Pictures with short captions
►

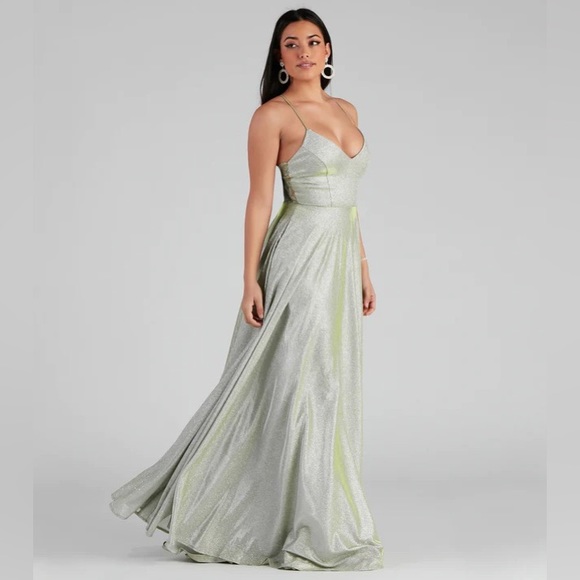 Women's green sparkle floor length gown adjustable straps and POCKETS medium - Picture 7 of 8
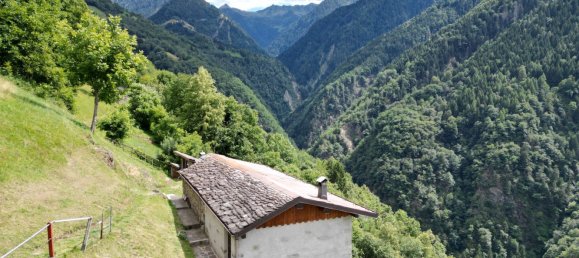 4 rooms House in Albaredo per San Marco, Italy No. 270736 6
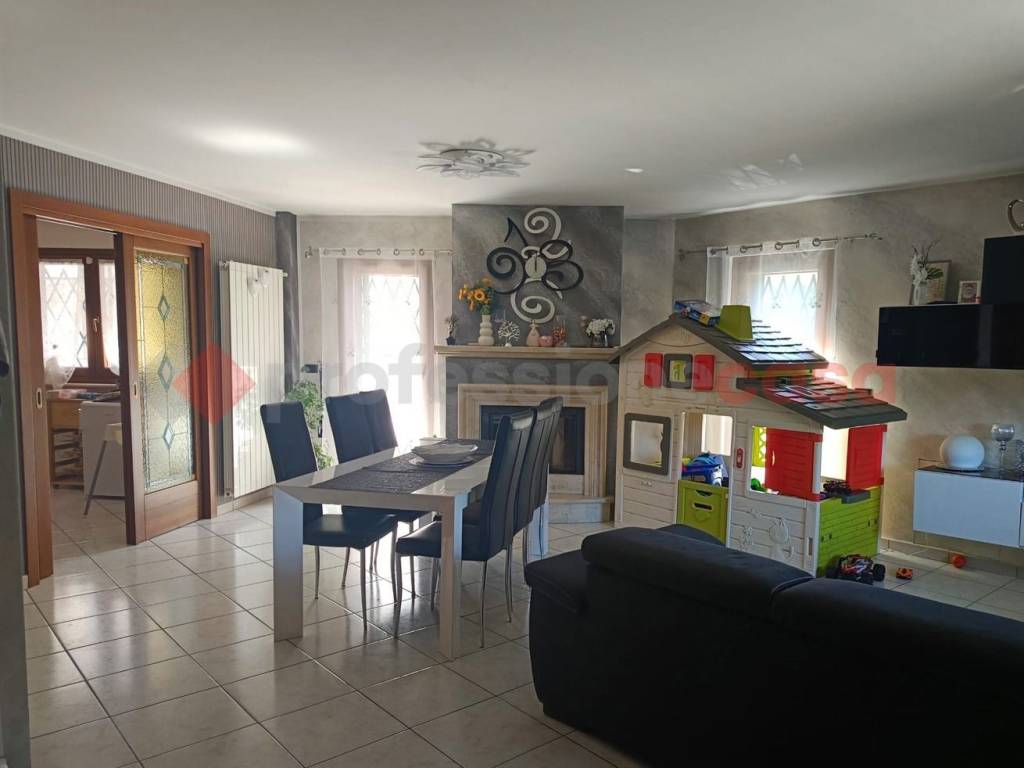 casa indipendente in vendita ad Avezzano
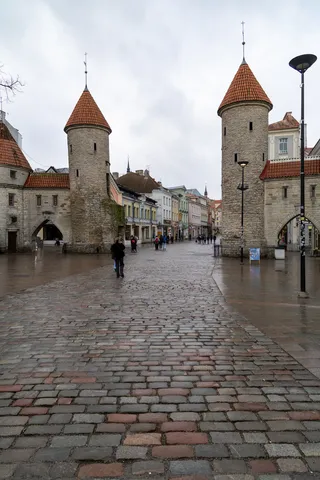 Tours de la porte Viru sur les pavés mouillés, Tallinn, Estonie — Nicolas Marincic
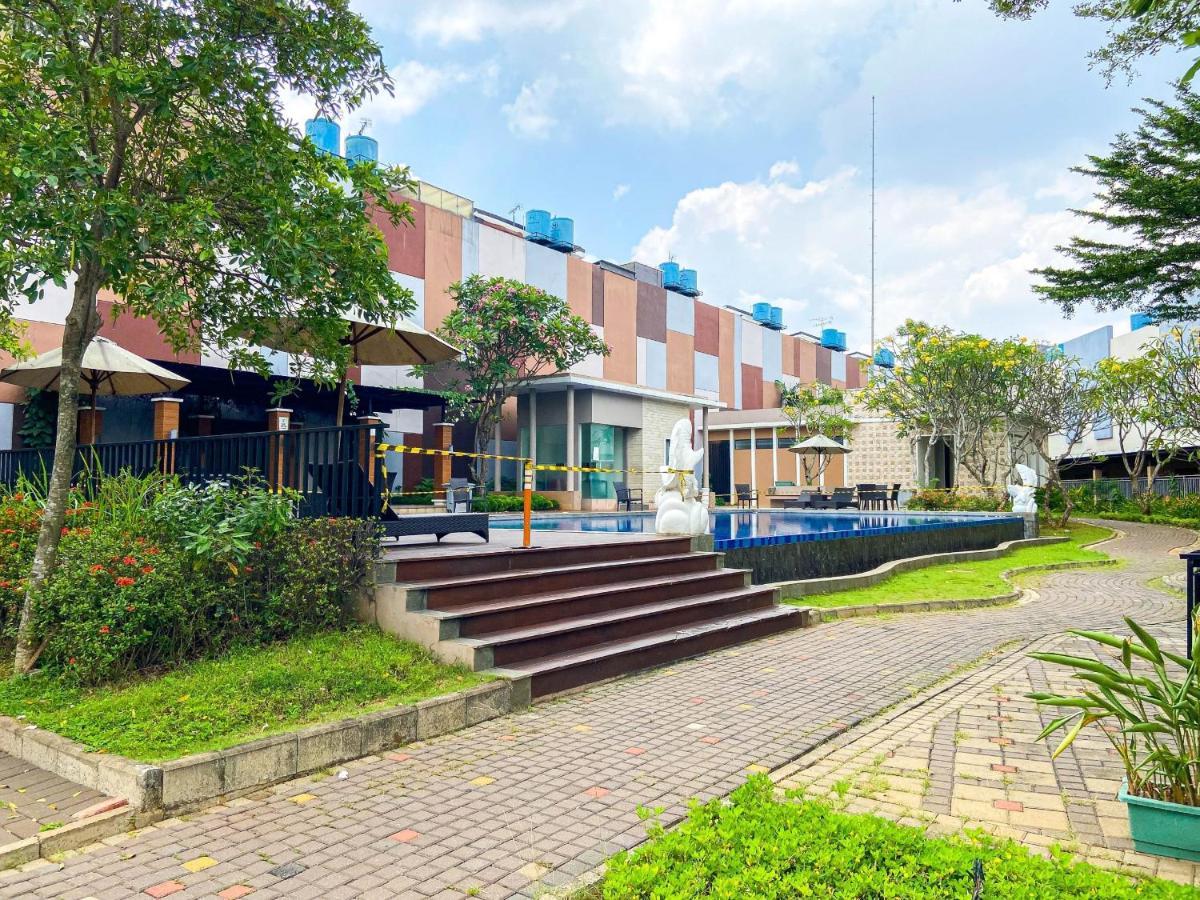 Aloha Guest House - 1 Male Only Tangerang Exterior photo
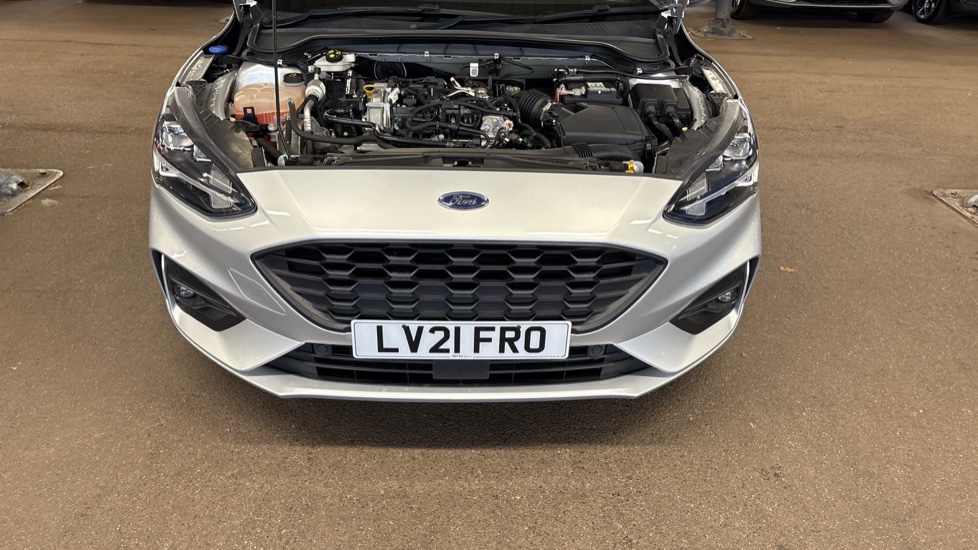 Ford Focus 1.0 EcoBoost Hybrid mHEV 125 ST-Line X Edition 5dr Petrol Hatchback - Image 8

◄

Goal of the exercise
Keep out the pictures, and copy exactly the lines from the one that contains "casa indipendente in vendita ad Avezzano" through the final line of the records above, both ends included.

Solved problem
 casa indipendente in vendita ad Avezzano
 Tours de la porte Viru sur les pavés mouillés, Tallinn, Estonie — Nicolas Marincic
 Aloha Guest House - 1 Male Only Tangerang Exterior photo
 Ford Focus 1.0 EcoBoost Hybrid mHEV 125 ST-Line X Edition 5dr Petrol Hatchback - Image 8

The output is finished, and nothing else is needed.